Und dieser Mangel hat massive Auswirkungen auf die heimische Wirtschaft. Unternehmen, die keine Arbeitskräfte finden, müssen Aufträge verschieben oder sogar ablehnen, weil die dringend benötigten Fachkräfte fehlen. Deshalb lassen sich etliche Unternehmen allerlei einfallen, um Fachkräfte zu umwerben und zu halten. Gerade für Arbeitnehmer in den „Mangelberufen“ und für alle diejenigen, die eine Ausbildung oder einen Neustart in diesen Berufen anstreben stehen also „goldene Zeiten“ an.

 

Größte Engpässe in der Fertigung und bei den Gesundheits- und Pflegeberufen

 

Wenige Bewerber auf die gemeldeten Arbeitsstellen gab es im Mai beispielsweise in den Fertigungsberufen. Auf 437 Arbeitsstellen im Bestand wurden 1085 Bewerber gezählt worden. 2,5 Bewerber kommen auf eine gemeldete Arbeitsstelle. „Das klingt entspannt, aber bereits bei weniger als drei Bewerbern je gemeldeter freier Stelle sprechen wir von einem Mangel in dem jeweiligen Beruf“, erläutert die Agenturchefin.

 

Im Gesundheitsbereich kommen immerhin „nur“ 166 Stellen auf 554 Arbeitslose.

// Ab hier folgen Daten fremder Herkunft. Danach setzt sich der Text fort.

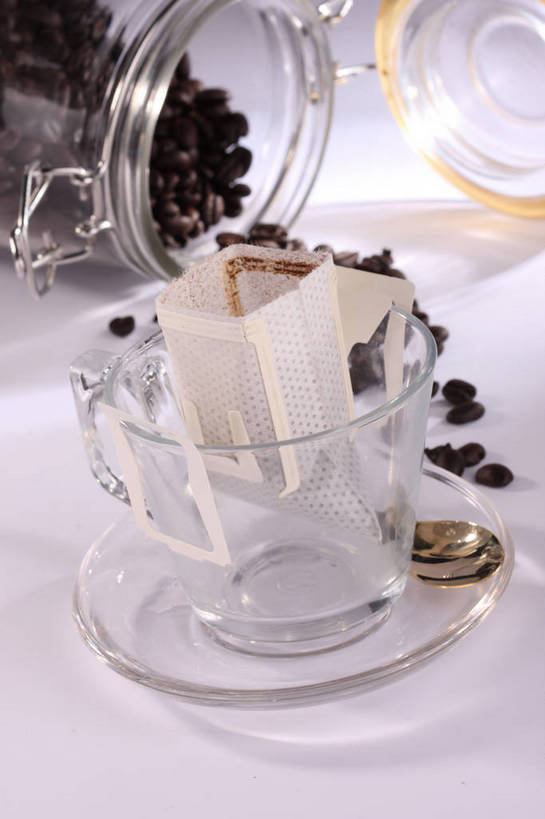 咖啡,无人,竖图,俯视,室内,特写,白天,实验,植物,餐桌,桌子,豆,杯子,餐具,玻璃,金属制品,一把,一堆,许多,阴影,堆叠,堆积,研究,反射,分离,分析,化学,金属,碟子,滤纸,盘,影子,纸,勺子,豆类,豆子,咖啡杯,纸张,很多,过滤,玻璃制品,三个,黑色,盘子,玻璃瓶,瓶子,水杯,调羹,碟,汤匙,咖啡豆,餐台,堆,净化,广口瓶,豆科,试验耗材,实验用品,咖啡因,玻璃杯,彩图,高角度拍摄,shjb1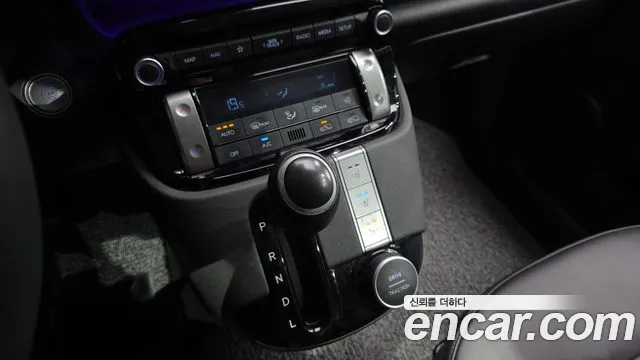 Hyundai Casper Casper Inspiration — Фото автомобиля 9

Auch hier machen die Qualifikation, individuelle Schichtarbeitszeitmöglichkeiten und die regionale Bindung ein schnelles Zusammenkommen schwer. „Bei der Vielfalt der beruflichen Ausprägungen ist ein zeitnahes Matching zwischen Angebot und Nachfrage sehr unwahrscheinlich, denn nur ca. drei Bewerber stehen, rein rechnerisch je Arbeitsstelle zur Verfügung“, erläutert die Agenturchefin.

 

Etwas entspannter ist es auf dem ersten Blick im kaufmännischen Bereich, Handel und Tourismus. Hier kommen auf ca.100 Stellen immerhin mehr als 900 suchende Männer und Frauen. Damit steht das Neunfache an Bewerbern zur Verfügung.

 

Aber auch wenn vermeintlich genügend Bewerber vorhanden sind, finden Unternehmen nicht immer gleich die passenden Mitarbeiter. „Es unterscheiden sich oftmals auch die Anforderungen innerhalb eines Berufes, so dass Qualifizierungs- oder zumindest Einarbeitungszeiten unumgänglich sind“, beschreibt die Chefin der Agentur für Arbeit Bernburg die Situation.

 

Deshalb steigt die Besetzungszeiten je nach Anforderungsprofil der offenen Stellen immer weiter an. Diese Vakanzzeit umschreibt den Zeitraum zwischen dem gewünschten Besetzungstermin und dem tatsächlichen Arbeitsbeginn bei der Abmeldung der Stelle.

 

Engpässe verschärfen sich laut Prognosen

 

Für die Zukunft gibt es laut Prognosemodell des Instituts für Arbeitsmarkt- und Berufsforschung (IAB) der Bundesagentur für Arbeit (BA) keinen Grund zur Entwarnung. Im Gegenteil. Bis 2030 wird sich die Fachkräftelücke nochmals deutlich erhöhen. Ab Mitte der Zwanzigerjahre wird die Demografie voll durchschlagen und das Durchschnittsalter der Belegschaften wird deutlich zulegen.

 

„Die Prognosen sprechen für sich. Jetzt kommt es darauf an, dass wir gemeinsam mit der Wirtschaft und den Schulen wirksame Gegenmaßnahmen ergreifen, die Qualifizierung von Quereinsteigern könnte eine Lösung sein. Eine Ergänzung ist, über die Attraktivität des Salzlandkreises und deren Beschäftigungsmöglichkeiten zu berichten und somit Berufspendler und junge Familien zur Rückkehr in den Landkreis zu bewegen. Allein das wird nicht reichen, wir brauchen weiteren Zuzug, auch aus den nichteuropäischen Ausland “, ist Huth überzeugt.

 

Steigenden Engpässe bieten gute Chancen – Arbeitsagentur hilft bei Ausbildung und Qualifizierung. Das bringt weiter!

 

„Gerade für Quereinsteiger und Berufswechsler, die sich beruflich verändern wollen, bieten Engpassberufe gute Chancen auf eine sichere Beschäftigung. Als Arbeitsagentur unterstützen wir konkret auf den regionalen Bedarf zugeschnittene Qualifizierungen, dass seit Jahresbeginn geltende Qualifizierungschancengesetz hilft dabei“, informiert Anja Huth.

 

Ausbildung nicht vergessen

 

Das aktuelle Handeln darf vorausschauendes Agieren nicht ausschließen: „Unternehmen die vorausschauend für ihre Bedarfe werben und Azubis an sich binden haben einen entscheidenden Wettbewerbsvorteil“, so die Agenturchefin abschließend.